• [Exercise instructions] From the listing below, restate word for word the lines from the line containing "Metallbett Doppelbettgestell 160" down through the line containing "Scarpiera Grigio Cemento". Exclude pictures.

• [Given records]
_ _ _ _ _

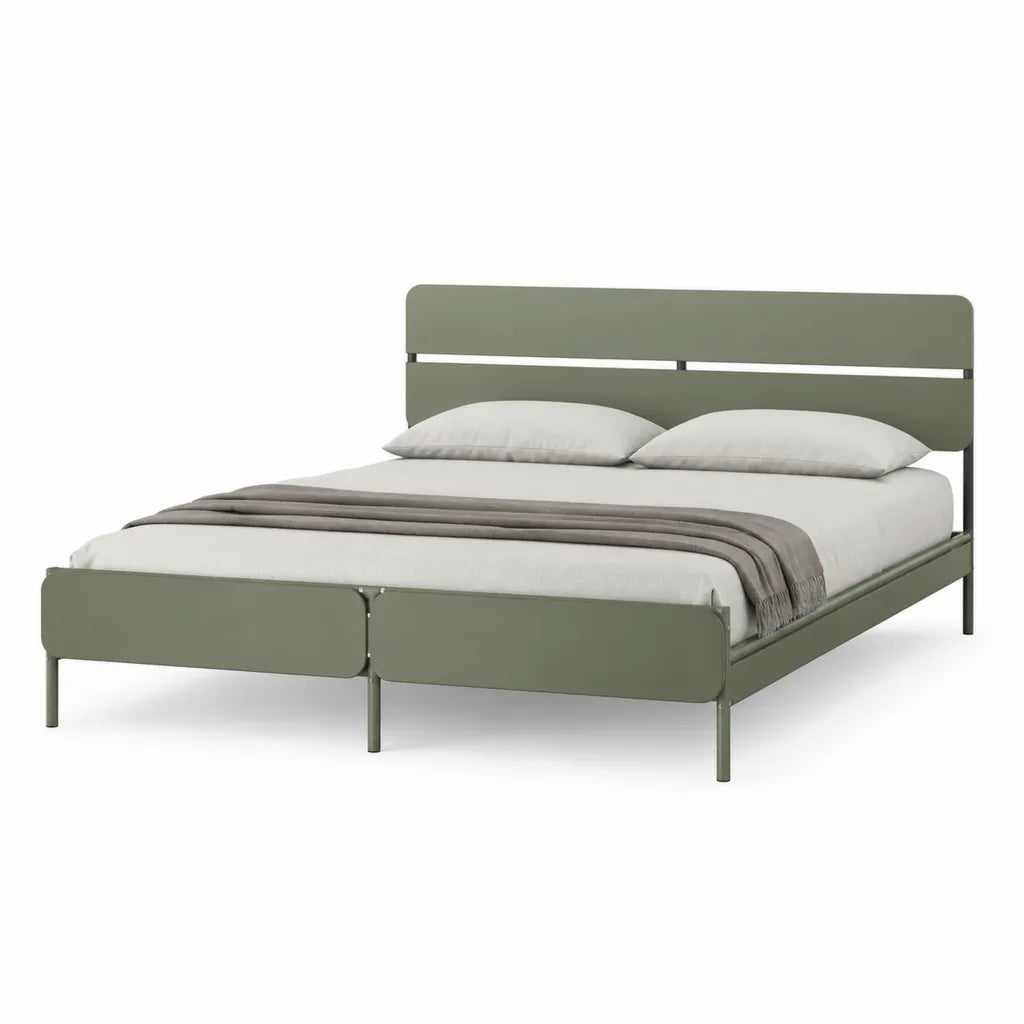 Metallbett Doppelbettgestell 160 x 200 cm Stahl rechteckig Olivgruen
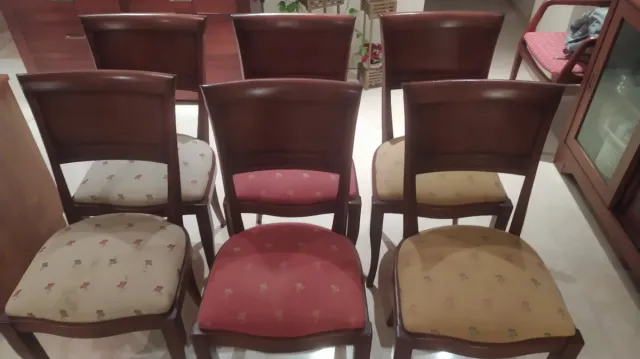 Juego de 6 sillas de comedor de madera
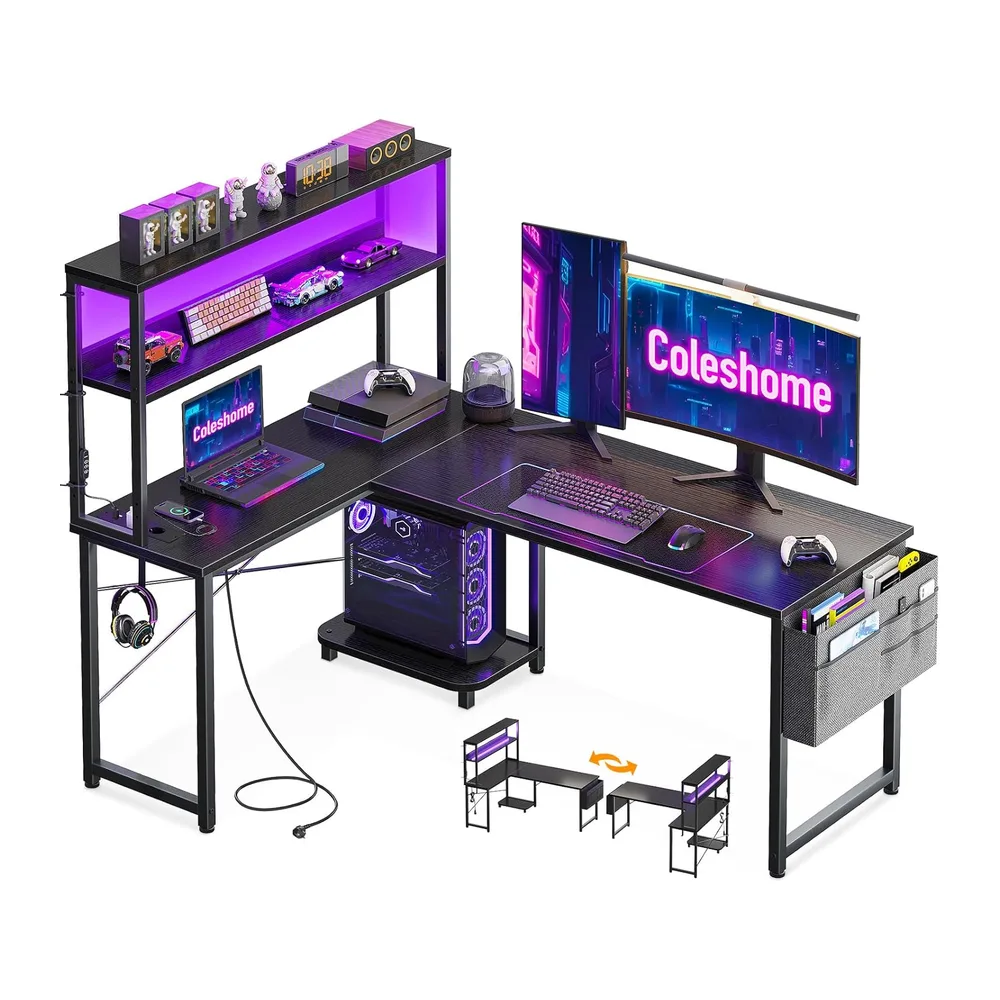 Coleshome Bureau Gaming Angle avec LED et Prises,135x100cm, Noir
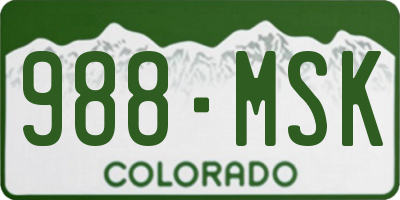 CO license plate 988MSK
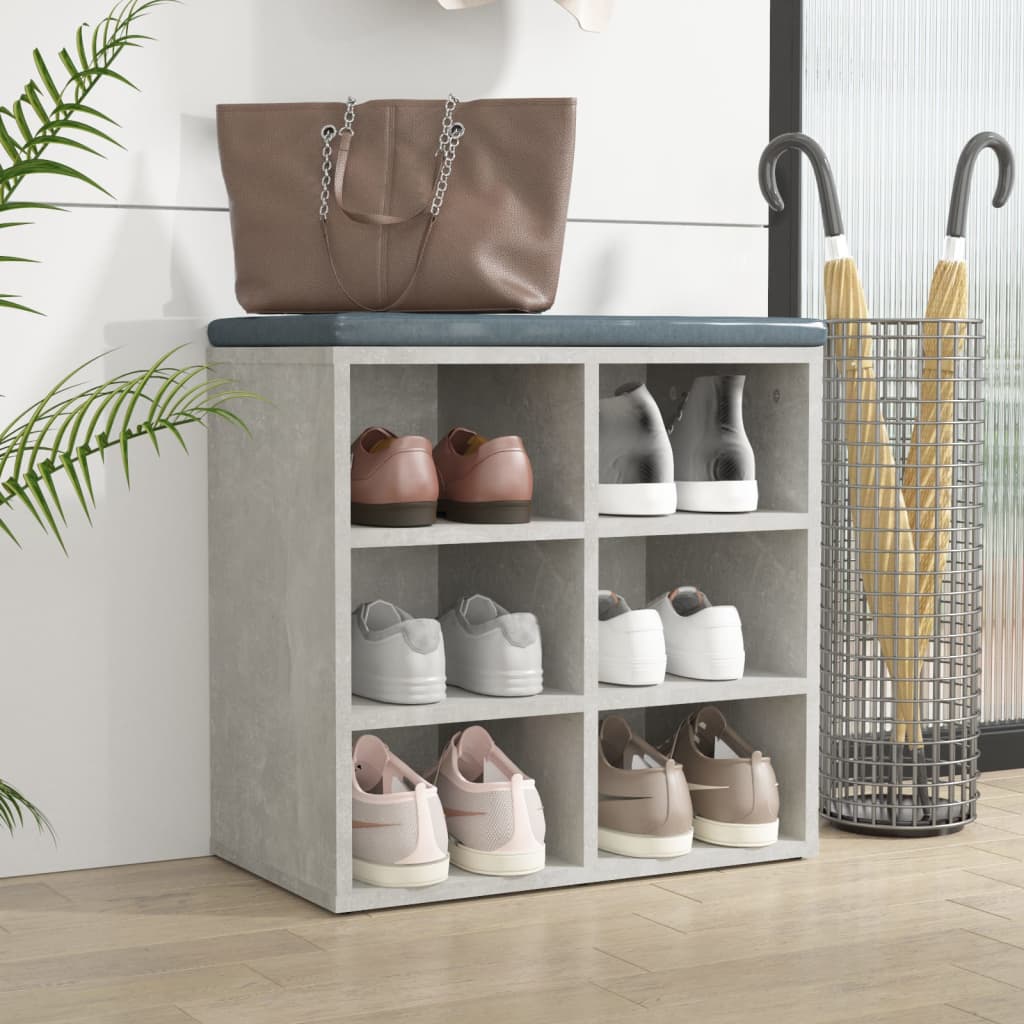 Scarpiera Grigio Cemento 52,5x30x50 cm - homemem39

_ _ _ _ _

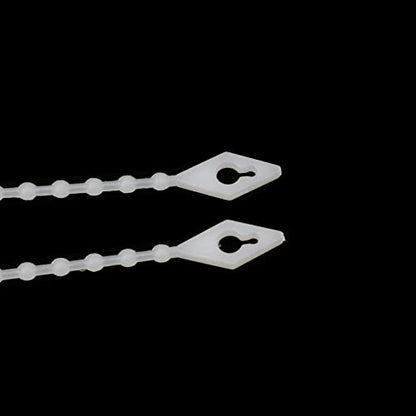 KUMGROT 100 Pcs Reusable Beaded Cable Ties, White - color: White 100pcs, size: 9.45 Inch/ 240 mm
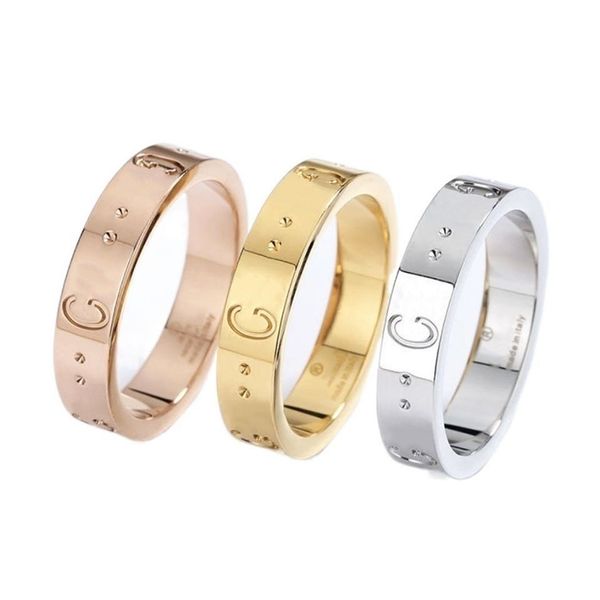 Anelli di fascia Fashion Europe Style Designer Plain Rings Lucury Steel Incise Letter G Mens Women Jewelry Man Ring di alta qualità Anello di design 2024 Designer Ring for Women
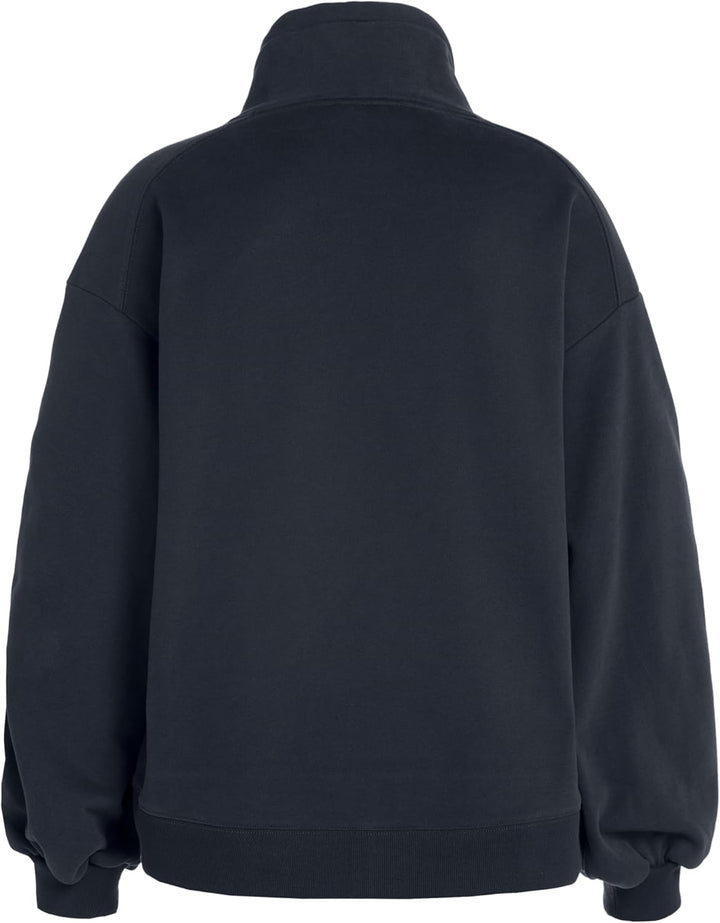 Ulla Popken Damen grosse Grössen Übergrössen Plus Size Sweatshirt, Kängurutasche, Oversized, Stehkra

_ _ _ _ _

• [Solution for this task]
 Metallbett Doppelbettgestell 160 x 200 cm Stahl rechteckig Olivgruen
 Juego de 6 sillas de comedor de madera
 Coleshome Bureau Gaming Angle avec LED et Prises,135x100cm, Noir
 CO license plate 988MSK
 Scarpiera Grigio Cemento 52,5x30x50 cm - homemem39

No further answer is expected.